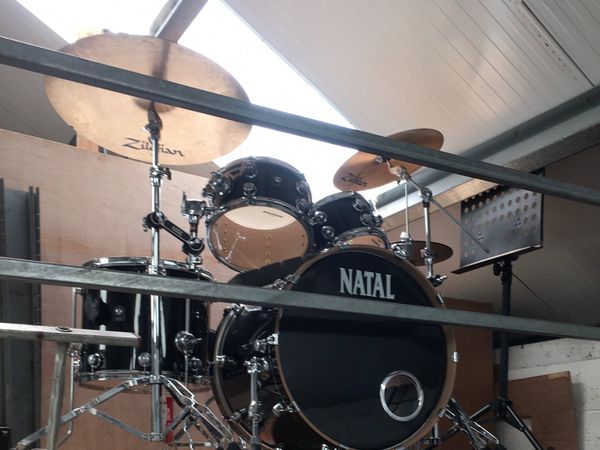 *AS NEW*!! Natal Drumkit and Zildjian Cymbols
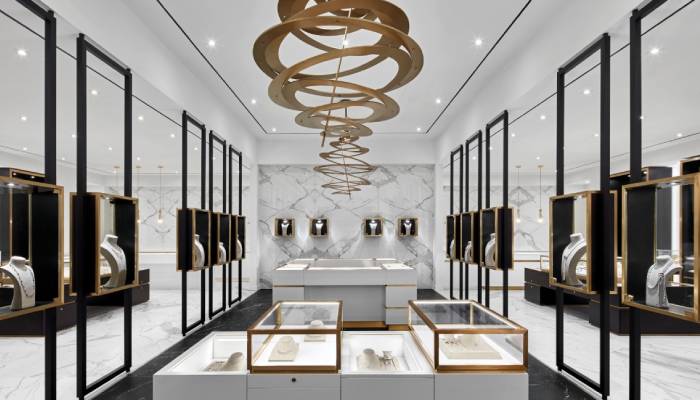 چگونه جواهرات خود را به درستی به نمایش بگذاریم؟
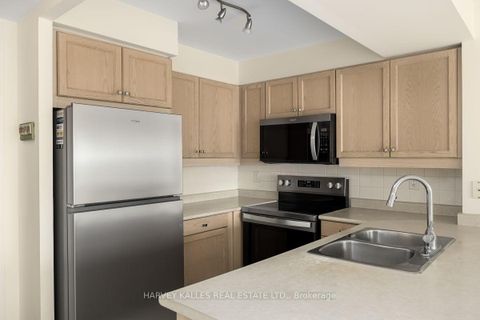 Photo 5 at 503 - 205 The Donway W, Don Mills, Toronto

Your objective.
Each line above should be returned exactly as written, apart from any pictures.

Solution.
 *AS NEW*!! Natal Drumkit and Zildjian Cymbols
 چگونه جواهرات خود را به درستی به نمایش بگذاریم؟
 Photo 5 at 503 - 205 The Donway W, Don Mills, Toronto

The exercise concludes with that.